Colírio na pandemia: as fotos maravilhosas do mais antigo clube de cicloturismo off-road
Se a pandemia tem nos proibido de pedalar (pelo menos entre os ciclistas sensatos), ainda podemos sonhar com estradas e trilhas desafiadoras e cicloviagens por montanhas longínquas, em aventuras nas quais só importa o prazer libertário que a bike é capaz de proporcionar.
Que o digam os integrantes do Rough-Stuff Fellowship, o mais antigo clube de ciclismo off-road do planeta. Criada em 1955, em Leominster, uma pequena cidade do Reino Unido, quase divisa com País de Gales, a organização possui um dos mais belos e comoventes arquivos de fotos de expedições ciclísticas, desde aquela época até hoje.
São imagens como estas que você aqui no Ciclocosmo, tiradas por viajantes que há mais de seis décadas perceberam dois pontos essenciais para uma vida feliz: conhecer o mundo em cima de uma bicicleta e, de preferência, por estradas sem pavimentação que cortam terras isoladas e paisagens únicas.

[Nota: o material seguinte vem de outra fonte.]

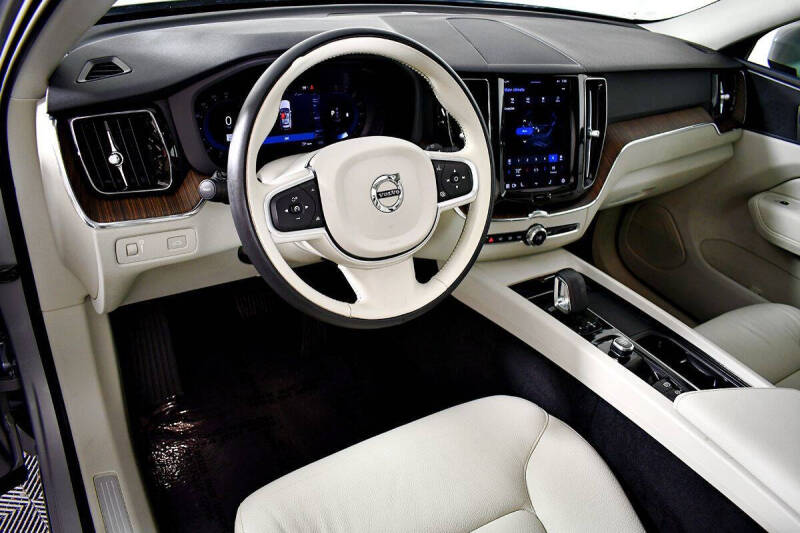 2022 Volvo XC60 B5 Momentum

O Rough-Stuff Fellowship surgiu quando Bill Paul, um ciclista de Liverpool, decidiu colocar um anúncio na então revista The Bicycle, conclamando entusiastas de cicloviagens off-road para se unir a ele em um clube. Poucos meses depois, cerca de 40 pessoas se reuniam em um pub em Leominster para o primeiro encontro da organização — que, aliás, funciona até hoje.
Não se tratava de um clube para ultraciclistas que pedalam milhares de quilômetros, muito menos uma instituição para celebrar recordes ou grandes performances atléticas. Era, isso, sim, uma reunião de pessoas comuns, em sua maioria de classe média, com uma enorme paixão por desbravar a Terra de bike. Sem distinção de sexo, como você pode checar nas diversas imagens de mulheres participando das trips.
Pelas fotos (como a de cima), dá para ver como boa parte das expedições era um “empurra-bike” sem fim. Os dois ciclistas que foram pedalando de Katmandu, capital do Nepal, até o campo base do Everest, em 1984, confessaram que pedalaram uns 20% do percurso, empurrando suas bicicletas quase 80% do trajeto restante. Pura aventura da maior qualidade.
Uns dois anos atrás, o clube contratou o arquivista Mark Hudson para cuidar das milhares de imagens que foram sendo colecionadas ao longo das décadas, muitas delas de qualidade surpreendente. Os retratados se mostram cheios de estilo, com suas bikes de ferro de guidão curvo, encarando perrengues sensacionais.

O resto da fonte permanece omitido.